What is being asked -> Nothing is needed except the lines below that run from the one with "HONEY JOY Kids" through the one with "Snap & Munch", repeated exactly.

Material shown ->
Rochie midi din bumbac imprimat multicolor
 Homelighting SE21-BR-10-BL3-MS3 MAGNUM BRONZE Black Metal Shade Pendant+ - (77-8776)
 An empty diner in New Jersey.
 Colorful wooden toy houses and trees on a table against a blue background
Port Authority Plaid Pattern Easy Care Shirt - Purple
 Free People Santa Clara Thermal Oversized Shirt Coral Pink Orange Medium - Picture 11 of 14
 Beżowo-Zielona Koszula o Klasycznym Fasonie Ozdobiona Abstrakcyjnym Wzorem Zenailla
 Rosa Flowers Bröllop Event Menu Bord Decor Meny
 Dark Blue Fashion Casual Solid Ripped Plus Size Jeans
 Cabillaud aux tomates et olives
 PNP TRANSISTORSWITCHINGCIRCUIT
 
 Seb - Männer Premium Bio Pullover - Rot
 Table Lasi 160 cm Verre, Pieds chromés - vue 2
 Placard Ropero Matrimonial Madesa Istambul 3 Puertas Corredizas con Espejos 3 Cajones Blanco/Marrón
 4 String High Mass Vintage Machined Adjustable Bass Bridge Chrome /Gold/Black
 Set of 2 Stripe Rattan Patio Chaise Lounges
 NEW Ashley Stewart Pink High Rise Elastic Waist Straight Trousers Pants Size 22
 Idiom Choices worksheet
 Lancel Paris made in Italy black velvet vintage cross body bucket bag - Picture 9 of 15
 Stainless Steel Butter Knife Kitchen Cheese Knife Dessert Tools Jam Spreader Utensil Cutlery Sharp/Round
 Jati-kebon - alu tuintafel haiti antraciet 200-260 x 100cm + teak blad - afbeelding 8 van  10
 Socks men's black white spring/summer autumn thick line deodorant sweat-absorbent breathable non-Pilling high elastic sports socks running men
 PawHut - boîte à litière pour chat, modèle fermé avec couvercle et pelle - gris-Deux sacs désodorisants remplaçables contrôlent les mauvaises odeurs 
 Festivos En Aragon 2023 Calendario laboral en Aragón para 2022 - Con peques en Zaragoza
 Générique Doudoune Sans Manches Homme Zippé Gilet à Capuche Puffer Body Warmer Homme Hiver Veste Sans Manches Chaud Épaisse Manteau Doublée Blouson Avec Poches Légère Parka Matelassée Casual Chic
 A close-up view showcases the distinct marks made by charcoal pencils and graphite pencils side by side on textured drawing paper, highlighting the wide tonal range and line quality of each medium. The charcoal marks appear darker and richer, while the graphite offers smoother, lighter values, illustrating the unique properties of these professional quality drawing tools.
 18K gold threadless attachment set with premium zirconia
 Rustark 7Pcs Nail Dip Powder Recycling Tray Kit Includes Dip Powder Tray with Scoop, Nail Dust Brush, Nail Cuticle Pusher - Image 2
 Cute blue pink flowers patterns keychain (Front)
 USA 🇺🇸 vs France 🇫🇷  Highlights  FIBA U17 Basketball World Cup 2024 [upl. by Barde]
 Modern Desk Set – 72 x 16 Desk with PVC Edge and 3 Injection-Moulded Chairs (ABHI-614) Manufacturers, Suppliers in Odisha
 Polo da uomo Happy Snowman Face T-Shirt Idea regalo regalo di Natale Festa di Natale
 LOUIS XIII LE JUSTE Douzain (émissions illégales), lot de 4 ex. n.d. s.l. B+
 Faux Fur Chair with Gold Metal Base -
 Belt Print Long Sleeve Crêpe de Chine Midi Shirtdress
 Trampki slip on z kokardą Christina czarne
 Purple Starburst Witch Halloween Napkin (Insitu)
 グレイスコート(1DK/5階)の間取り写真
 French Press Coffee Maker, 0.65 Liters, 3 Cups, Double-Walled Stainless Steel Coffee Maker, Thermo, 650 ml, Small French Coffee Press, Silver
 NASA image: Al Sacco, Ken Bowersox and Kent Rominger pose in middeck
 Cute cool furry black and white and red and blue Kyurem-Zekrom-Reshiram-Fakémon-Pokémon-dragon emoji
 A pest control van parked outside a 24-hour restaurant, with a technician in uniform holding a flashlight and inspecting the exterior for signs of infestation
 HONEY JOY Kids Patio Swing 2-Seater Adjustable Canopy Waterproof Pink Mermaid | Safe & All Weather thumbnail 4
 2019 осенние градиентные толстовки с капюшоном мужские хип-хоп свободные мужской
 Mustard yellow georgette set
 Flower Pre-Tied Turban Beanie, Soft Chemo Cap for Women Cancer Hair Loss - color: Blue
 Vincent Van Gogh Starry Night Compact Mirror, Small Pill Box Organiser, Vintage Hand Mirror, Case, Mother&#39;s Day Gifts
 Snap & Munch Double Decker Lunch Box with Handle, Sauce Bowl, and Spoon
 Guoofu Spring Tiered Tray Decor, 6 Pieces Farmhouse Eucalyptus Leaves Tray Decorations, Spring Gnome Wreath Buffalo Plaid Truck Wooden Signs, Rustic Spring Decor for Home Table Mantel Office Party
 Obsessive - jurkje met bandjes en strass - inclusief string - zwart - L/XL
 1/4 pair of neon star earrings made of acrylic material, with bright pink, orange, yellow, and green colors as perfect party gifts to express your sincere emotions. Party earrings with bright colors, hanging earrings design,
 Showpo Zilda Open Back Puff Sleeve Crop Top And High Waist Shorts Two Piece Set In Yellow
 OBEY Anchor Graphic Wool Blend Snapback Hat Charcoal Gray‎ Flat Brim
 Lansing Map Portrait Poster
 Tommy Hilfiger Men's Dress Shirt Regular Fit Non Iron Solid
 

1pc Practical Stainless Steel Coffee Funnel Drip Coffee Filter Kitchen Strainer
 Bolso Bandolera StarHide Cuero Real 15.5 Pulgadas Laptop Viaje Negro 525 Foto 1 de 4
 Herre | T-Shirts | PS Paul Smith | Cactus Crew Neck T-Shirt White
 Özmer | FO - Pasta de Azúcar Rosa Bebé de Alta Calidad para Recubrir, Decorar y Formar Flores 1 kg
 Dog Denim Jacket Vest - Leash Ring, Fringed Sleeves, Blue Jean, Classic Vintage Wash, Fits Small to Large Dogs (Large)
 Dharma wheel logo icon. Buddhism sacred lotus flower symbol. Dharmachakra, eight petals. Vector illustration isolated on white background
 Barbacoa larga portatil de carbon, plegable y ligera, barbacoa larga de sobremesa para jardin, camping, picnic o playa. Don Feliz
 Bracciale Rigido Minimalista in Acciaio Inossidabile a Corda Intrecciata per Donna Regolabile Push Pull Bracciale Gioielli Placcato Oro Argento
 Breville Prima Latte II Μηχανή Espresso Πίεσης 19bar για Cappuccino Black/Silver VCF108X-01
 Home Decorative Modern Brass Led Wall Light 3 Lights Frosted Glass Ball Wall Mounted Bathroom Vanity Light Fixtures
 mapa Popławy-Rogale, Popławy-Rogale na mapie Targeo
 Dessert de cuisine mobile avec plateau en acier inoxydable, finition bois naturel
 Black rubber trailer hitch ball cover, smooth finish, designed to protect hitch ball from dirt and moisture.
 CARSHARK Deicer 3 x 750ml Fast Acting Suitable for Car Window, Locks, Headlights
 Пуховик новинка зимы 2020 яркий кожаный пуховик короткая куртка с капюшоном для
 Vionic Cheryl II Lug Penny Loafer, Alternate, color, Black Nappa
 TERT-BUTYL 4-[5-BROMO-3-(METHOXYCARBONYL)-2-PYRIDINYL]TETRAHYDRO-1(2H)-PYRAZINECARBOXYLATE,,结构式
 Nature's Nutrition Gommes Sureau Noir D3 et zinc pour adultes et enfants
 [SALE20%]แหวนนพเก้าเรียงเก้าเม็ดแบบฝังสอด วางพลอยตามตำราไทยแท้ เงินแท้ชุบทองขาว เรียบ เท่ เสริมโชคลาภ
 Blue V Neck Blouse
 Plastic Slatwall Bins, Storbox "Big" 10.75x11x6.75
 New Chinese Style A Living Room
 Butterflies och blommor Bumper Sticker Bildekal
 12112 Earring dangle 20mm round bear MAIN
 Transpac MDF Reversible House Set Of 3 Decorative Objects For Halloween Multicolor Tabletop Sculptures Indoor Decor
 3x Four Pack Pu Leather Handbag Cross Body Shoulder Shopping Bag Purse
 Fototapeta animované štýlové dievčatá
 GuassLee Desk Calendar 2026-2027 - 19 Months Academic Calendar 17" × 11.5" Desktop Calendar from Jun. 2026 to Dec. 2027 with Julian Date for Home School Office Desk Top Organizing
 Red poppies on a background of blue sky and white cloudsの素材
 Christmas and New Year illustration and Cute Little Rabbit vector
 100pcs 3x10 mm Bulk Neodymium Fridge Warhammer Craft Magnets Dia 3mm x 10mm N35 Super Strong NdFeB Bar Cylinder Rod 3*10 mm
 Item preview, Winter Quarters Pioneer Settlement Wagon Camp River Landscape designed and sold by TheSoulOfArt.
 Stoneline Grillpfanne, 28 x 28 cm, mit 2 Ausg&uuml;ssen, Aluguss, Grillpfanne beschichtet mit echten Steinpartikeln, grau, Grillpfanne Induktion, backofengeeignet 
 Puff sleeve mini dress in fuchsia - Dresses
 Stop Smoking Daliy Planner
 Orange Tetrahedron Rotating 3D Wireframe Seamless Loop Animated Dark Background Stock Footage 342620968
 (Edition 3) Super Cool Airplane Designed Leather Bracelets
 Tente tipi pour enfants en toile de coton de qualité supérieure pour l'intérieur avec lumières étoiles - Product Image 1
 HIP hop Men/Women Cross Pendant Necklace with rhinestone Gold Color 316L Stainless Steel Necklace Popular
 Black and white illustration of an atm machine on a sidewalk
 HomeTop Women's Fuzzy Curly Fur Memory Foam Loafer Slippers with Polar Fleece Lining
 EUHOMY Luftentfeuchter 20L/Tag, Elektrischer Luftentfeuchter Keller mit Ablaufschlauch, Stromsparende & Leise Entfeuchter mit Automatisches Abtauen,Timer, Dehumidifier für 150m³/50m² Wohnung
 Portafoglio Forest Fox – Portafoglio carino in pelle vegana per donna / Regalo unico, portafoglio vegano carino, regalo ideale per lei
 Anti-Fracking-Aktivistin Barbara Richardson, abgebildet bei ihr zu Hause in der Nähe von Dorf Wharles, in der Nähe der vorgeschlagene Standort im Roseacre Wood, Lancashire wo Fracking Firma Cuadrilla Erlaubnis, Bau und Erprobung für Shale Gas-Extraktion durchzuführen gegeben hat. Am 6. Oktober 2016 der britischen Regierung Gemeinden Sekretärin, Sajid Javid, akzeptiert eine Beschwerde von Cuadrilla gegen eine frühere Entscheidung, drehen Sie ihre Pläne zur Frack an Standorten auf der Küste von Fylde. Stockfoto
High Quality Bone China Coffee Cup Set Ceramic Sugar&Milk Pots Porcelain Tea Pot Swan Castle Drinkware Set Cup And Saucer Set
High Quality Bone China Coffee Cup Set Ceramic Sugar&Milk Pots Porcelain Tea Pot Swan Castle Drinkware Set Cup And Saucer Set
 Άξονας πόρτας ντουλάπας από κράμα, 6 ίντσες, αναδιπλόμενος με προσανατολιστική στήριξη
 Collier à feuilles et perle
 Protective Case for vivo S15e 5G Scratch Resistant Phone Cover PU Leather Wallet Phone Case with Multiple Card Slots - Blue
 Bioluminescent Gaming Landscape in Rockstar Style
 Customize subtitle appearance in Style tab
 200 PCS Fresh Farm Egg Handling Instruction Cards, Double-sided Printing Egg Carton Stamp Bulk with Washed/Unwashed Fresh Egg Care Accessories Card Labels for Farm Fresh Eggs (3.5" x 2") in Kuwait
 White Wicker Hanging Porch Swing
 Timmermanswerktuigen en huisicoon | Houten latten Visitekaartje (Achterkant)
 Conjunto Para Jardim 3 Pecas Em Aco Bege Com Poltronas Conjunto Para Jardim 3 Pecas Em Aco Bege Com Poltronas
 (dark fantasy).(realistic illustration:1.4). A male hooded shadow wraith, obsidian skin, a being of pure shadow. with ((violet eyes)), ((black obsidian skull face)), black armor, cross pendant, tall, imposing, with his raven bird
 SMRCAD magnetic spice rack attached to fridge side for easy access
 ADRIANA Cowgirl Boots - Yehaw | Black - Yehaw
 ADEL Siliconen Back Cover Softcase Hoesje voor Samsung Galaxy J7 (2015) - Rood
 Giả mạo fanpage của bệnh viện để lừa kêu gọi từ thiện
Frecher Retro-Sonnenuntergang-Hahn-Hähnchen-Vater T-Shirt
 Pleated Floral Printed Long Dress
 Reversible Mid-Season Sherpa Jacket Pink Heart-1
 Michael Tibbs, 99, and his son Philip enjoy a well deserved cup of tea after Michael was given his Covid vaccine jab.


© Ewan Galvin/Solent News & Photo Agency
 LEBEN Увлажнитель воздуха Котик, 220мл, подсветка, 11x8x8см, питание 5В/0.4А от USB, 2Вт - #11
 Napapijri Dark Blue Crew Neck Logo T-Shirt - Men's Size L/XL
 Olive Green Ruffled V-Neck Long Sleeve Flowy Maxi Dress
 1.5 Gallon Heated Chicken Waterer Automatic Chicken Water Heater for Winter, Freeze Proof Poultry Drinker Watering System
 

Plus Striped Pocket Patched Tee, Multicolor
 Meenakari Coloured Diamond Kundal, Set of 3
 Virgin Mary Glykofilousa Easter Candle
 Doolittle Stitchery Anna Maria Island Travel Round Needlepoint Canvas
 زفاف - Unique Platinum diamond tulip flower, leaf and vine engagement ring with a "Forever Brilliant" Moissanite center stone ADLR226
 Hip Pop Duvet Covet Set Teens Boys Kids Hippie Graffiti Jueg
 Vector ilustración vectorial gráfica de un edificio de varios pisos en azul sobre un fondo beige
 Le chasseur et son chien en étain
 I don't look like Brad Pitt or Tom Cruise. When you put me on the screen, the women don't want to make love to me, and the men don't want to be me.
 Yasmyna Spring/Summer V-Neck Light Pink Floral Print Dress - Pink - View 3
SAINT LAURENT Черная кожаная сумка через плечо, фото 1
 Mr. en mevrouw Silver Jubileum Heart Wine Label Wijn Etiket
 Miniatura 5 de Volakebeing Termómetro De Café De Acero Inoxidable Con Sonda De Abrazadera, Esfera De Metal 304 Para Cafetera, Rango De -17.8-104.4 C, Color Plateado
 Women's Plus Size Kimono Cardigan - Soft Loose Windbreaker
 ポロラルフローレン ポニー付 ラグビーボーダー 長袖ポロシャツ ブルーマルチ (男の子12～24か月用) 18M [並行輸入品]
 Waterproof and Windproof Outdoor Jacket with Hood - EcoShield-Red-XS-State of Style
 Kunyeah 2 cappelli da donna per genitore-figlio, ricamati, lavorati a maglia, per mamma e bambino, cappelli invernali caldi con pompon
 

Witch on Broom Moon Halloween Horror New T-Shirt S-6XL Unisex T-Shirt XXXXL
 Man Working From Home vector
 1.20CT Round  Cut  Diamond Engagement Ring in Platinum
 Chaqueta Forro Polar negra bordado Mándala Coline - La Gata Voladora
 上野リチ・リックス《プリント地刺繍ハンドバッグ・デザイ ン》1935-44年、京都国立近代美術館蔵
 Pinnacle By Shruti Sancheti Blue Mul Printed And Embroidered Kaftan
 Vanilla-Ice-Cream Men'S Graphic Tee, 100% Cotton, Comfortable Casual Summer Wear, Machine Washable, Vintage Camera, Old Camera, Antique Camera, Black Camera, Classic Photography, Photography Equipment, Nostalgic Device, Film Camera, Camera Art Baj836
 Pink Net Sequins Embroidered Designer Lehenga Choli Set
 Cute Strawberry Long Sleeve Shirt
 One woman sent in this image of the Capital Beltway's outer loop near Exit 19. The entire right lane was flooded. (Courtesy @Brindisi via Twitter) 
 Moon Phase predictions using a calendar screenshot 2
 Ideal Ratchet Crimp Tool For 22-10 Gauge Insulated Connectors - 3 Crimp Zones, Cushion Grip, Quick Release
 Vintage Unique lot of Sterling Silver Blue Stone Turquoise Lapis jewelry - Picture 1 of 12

Response to this exercise ->
 HONEY JOY Kids Patio Swing 2-Seater Adjustable Canopy Waterproof Pink Mermaid | Safe & All Weather thumbnail 4
 2019 осенние градиентные толстовки с капюшоном мужские хип-хоп свободные мужской
 Mustard yellow georgette set
 Flower Pre-Tied Turban Beanie, Soft Chemo Cap for Women Cancer Hair Loss - color: Blue
 Vincent Van Gogh Starry Night Compact Mirror, Small Pill Box Organiser, Vintage Hand Mirror, Case, Mother&#39;s Day Gifts
 Snap & Munch Double Decker Lunch Box with Handle, Sauce Bowl, and Spoon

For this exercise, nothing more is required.